TASK DIRECTIONS
Would you transcribe the entries below, beginning at the line with "Mepase 20 Pack" and ending after the line with "Neretva Stainless Steel", exactly, with no picture and nothing more?

══ DATA PROVIDED ══

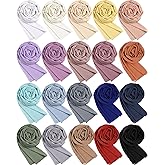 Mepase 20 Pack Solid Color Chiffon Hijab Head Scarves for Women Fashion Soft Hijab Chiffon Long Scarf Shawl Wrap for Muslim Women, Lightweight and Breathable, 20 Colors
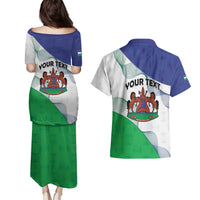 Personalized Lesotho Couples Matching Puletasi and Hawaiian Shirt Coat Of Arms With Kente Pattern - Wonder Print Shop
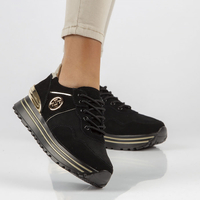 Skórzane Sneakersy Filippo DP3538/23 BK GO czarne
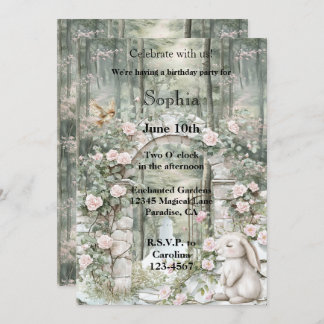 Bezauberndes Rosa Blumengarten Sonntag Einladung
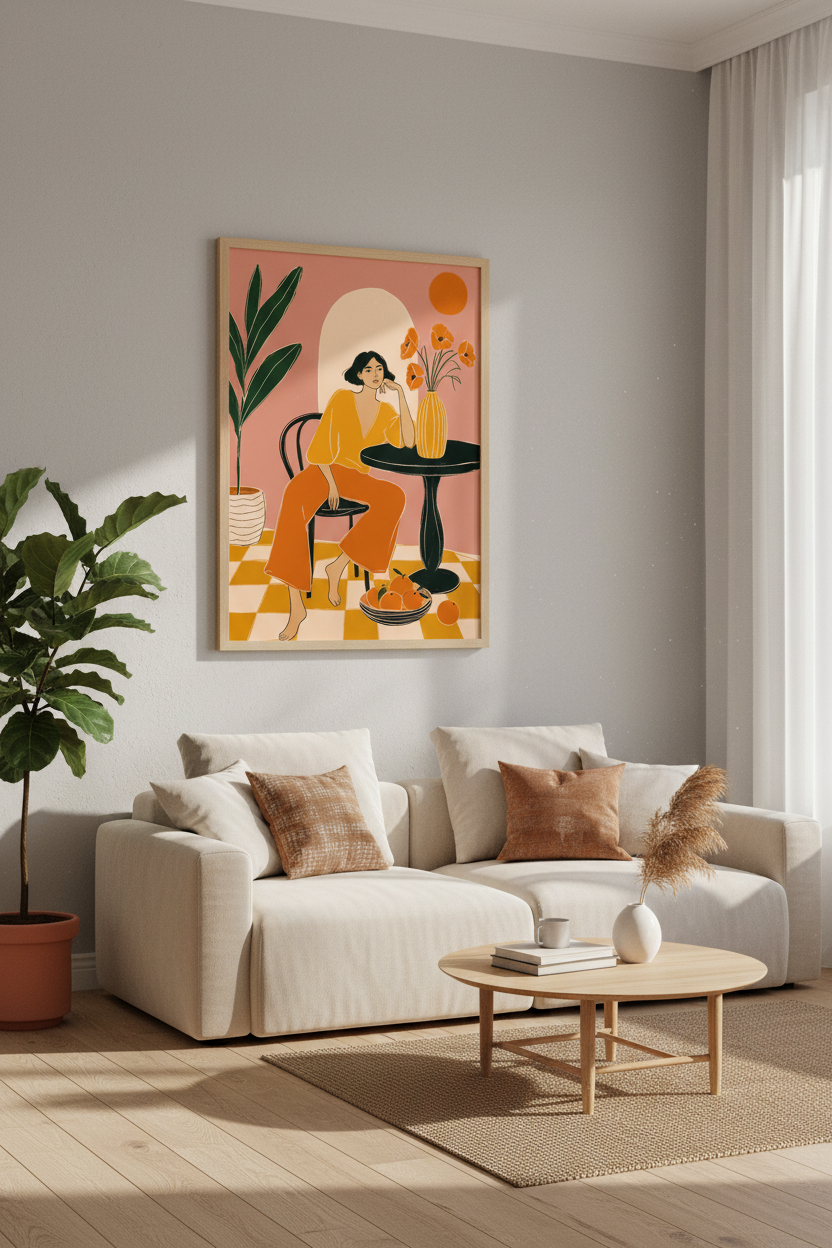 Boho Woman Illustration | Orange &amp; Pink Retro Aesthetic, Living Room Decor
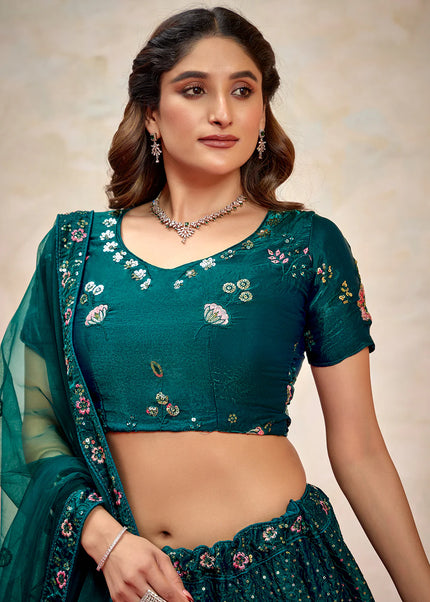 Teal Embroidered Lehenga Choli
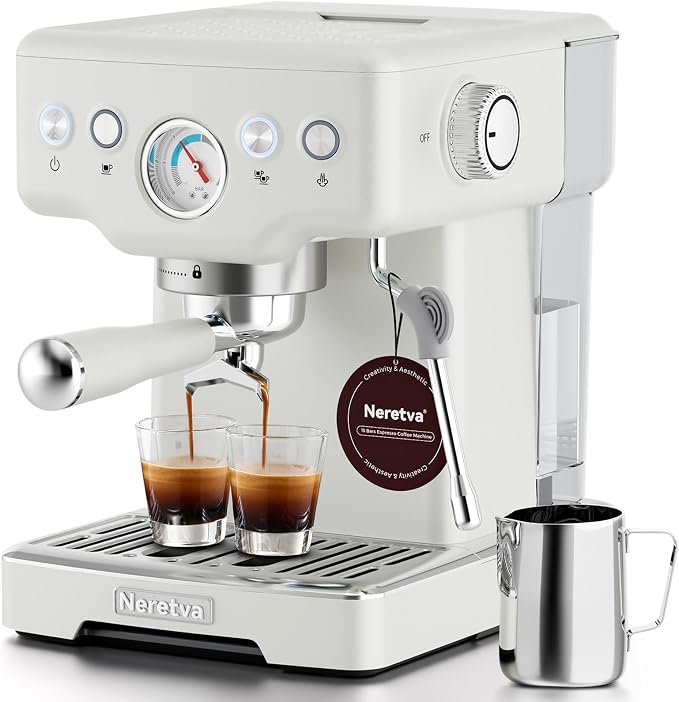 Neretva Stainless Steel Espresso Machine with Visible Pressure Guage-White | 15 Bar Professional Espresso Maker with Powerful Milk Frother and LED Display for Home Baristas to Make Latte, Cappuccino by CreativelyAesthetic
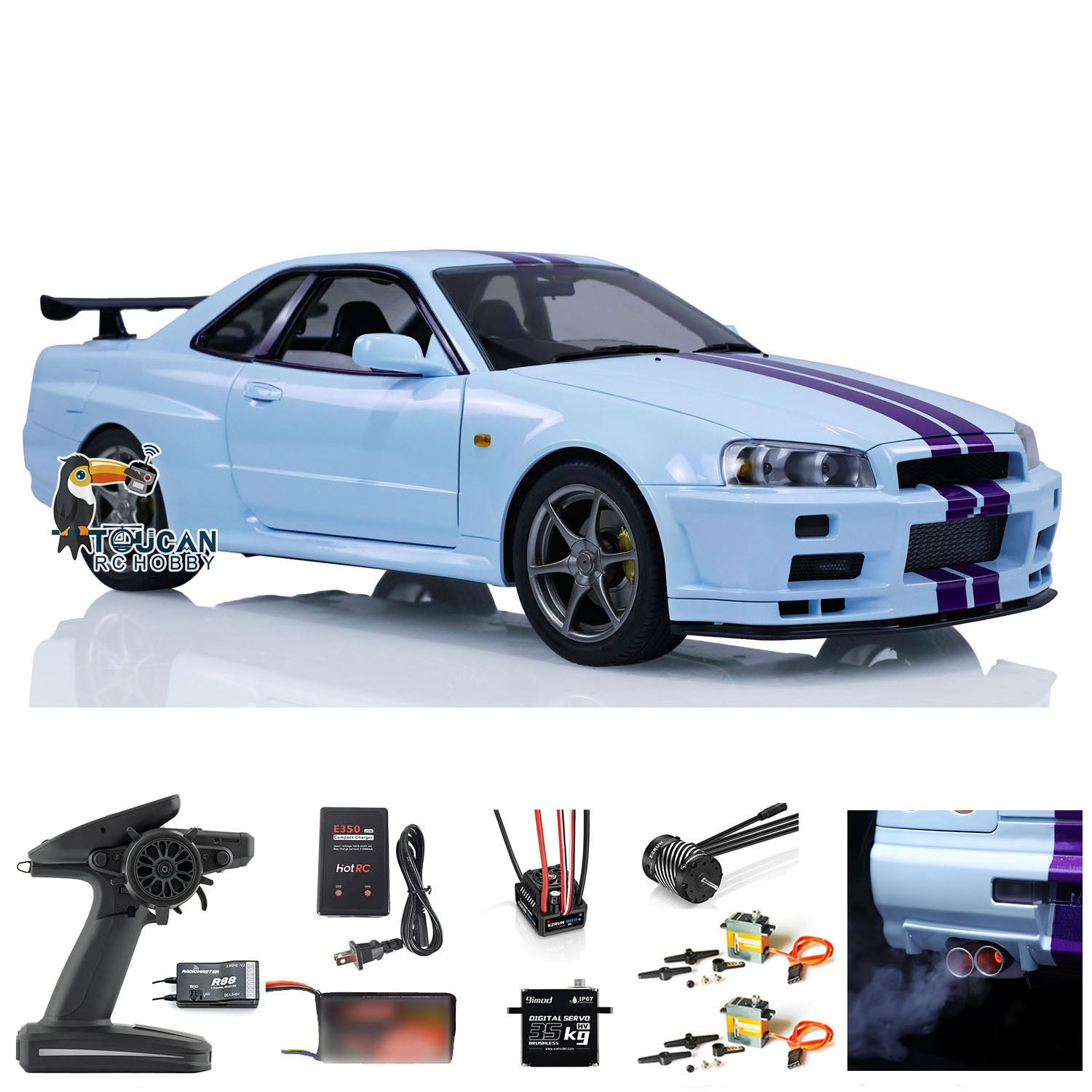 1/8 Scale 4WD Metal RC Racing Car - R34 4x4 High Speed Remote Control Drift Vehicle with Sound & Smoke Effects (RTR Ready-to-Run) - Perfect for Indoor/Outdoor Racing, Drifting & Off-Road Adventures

═══
══ DATA PROVIDED ══

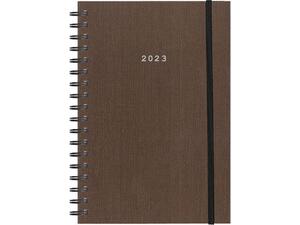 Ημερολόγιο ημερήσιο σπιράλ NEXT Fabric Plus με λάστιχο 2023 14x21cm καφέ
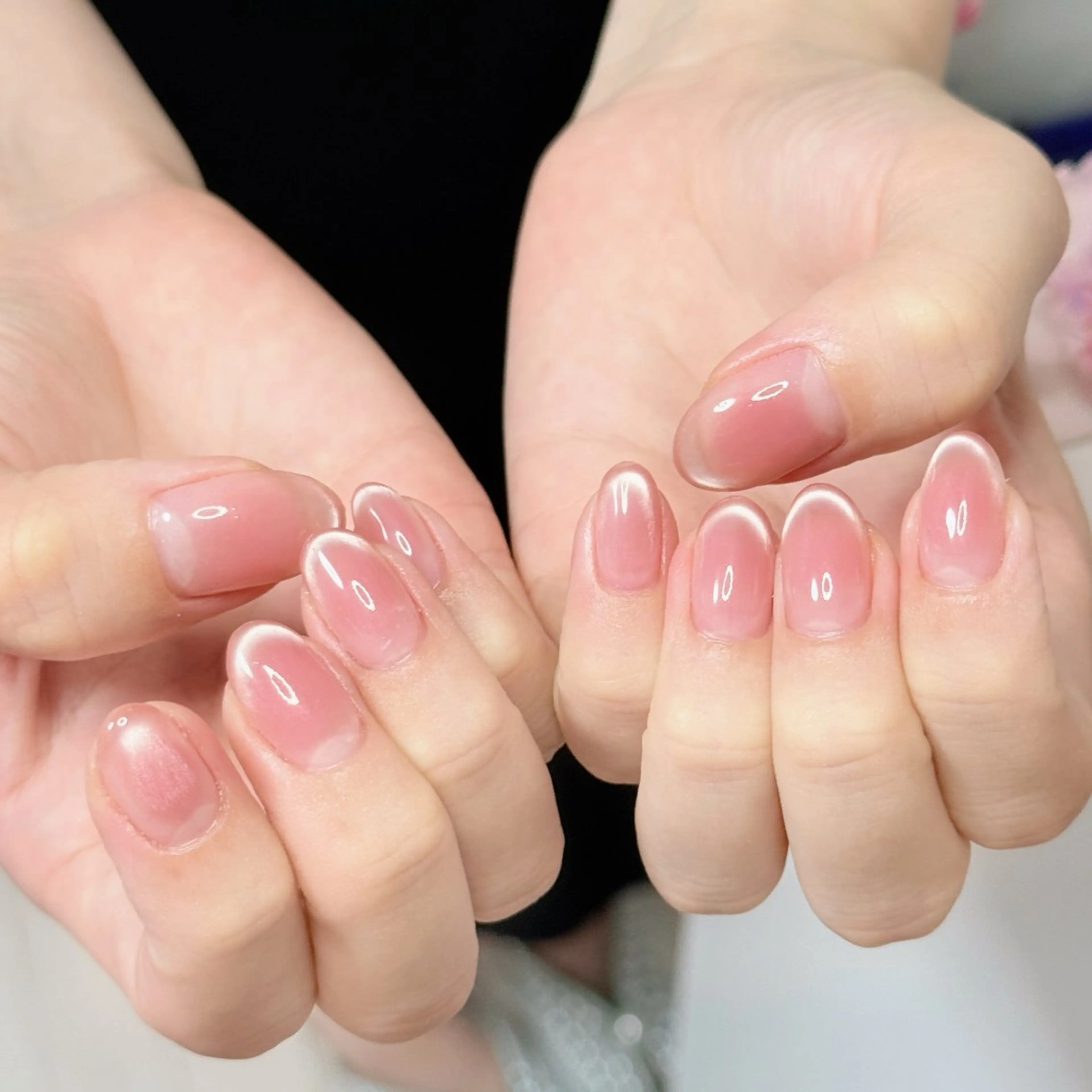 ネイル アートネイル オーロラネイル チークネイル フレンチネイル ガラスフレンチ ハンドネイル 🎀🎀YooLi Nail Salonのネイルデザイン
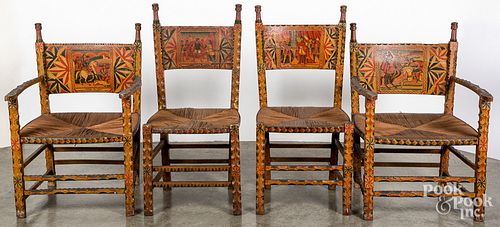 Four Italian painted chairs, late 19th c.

═══

TASK SOLUTION
 Mepase 20 Pack Solid Color Chiffon Hijab Head Scarves for Women Fashion Soft Hijab Chiffon Long Scarf Shawl Wrap for Muslim Women, Lightweight and Breathable, 20 Colors
 Personalized Lesotho Couples Matching Puletasi and Hawaiian Shirt Coat Of Arms With Kente Pattern - Wonder Print Shop
 Skórzane Sneakersy Filippo DP3538/23 BK GO czarne
 Bezauberndes Rosa Blumengarten Sonntag Einladung
 Boho Woman Illustration | Orange &amp; Pink Retro Aesthetic, Living Room Decor
 Teal Embroidered Lehenga Choli
 Neretva Stainless Steel Espresso Machine with Visible Pressure Guage-White | 15 Bar Professional Espresso Maker with Powerful Milk Frother and LED Display for Home Baristas to Make Latte, Cappuccino by CreativelyAesthetic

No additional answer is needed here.